For many years, I've thought about the many miracles and acts of kindness that needed to happen throughout my life for me to be able to navigate from a childhood in poverty to the successful life I have today, where I'm able to give back. Most of those miracles have names: Mrs. Fischer, the first teacher who took any special interest in me and made me believe in myself; "grandpa", the neighbor across the street who tought me to play chess and kept me out of harm's way; Food Stamps; the National School Lunch Program; the National Science Foundation; and other government handouts.
I was on the fringe. Growing up in Independence, MO (yes, hometown of Harry Truman), I wasn't blessed with any physical skills or social charms. If anything, I had to overcompensate with one thing that today's public schools are poorly equipped to support: unusual intelligence. Independence had one program that was able to offer hundreds of children throughout the community with an outlet for their off-the-bell-curve traits: IMPACT (Independence, Missouri Program for Academically and Creatively Talented).

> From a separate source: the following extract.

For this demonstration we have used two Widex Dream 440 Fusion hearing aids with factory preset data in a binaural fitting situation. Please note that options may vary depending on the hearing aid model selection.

Once per week, selected students would leave their traditional classroom environment and attend a separate IMPACT facility with its own curriculum. Computers, drama, science (with labs! in grade school!), field trips, civics. I loved every Wednesday. For me, school was IMPACT. My only grade school memories of any value all took place on Wednesdays.

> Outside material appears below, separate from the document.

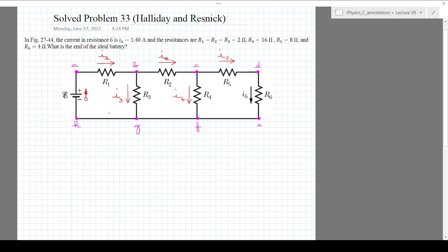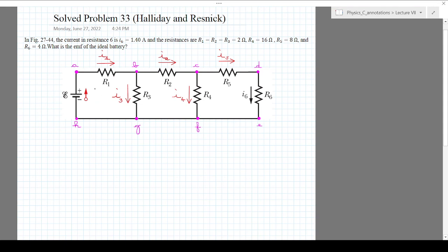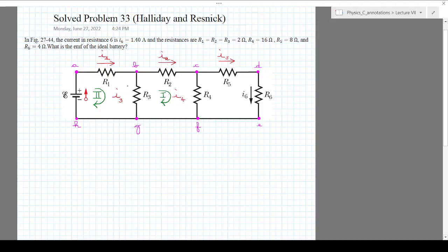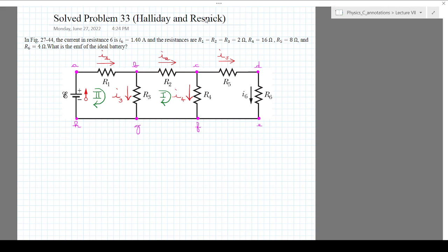I'm going to choose — it doesn't matter which ones — I'll put them in green. I'm going to choose this loop here, calling it loop number two, and this loop here, calling it loop number one. Then I'm going to start solving this problem.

The recession of the early 80's hit our family pretty hard, however, and we were relocated to Texas for work. My worst childhood memories are from the 18 months spent in the Texas public education system, where there simply wasn't a home for a misfit like me.
But time heals all wounds, and we found ourselves back in Missouri and enduring a parental divorce. While I know better than to generalize for the total population, in my experience the children growing up in poverty were not focusing on preparing for the SATs or selecting which private college to attend; we helped mom with the house, fed ourselves while she studied for her college exams, endured a parade of better lifestyles on television.
Enter "the socialist agenda." It is because of the food stamps program that my mother was able to keep food in our cupboards. It is because of "welfare" programs that she was able to fight for enough financial aid and scholarships to go back to college for 5 excruciating years to earn her graduate degree. It was because of government-backed student loan programs that she was able to borrow enough money to pay the tuition and enough money to support the household.
Throughout all of this, I was able to do the same and to borrow enough and find enough work-study and tutoring to finish my bachelor's at a private university. My mother and I both graduated from college the same year, with a combined debt of over $120,000. And then we began to work...slowly, painfully, to pay back the government that had given us so much for so many years.
I ask you, Republicans: are we Socialists? I grew up in the Midwest, at the poverty line. I go to church, I believe in God. I own a gun. Despite everything I just described, I think we spend way too much money on our social programs for what we get out of them. But were it not for these programs, my family would not have had the opportunity to evolve our skills to meet the needs of the world. My mother works in pharmaceuticals, my brothers in chemical engineering and Internet tech, and myself in statistics and market research.
Programs like IMPACT ignited my thirst for school. As a child, I felt confused as to why everyone wasn't able to participate. Decades later, I feel blessed to have been saved by teachers like Mrs. Fritchie (my 2nd grade IMPACT teacher) and hope to eventually find a way to give back to the program and share it with a broader community.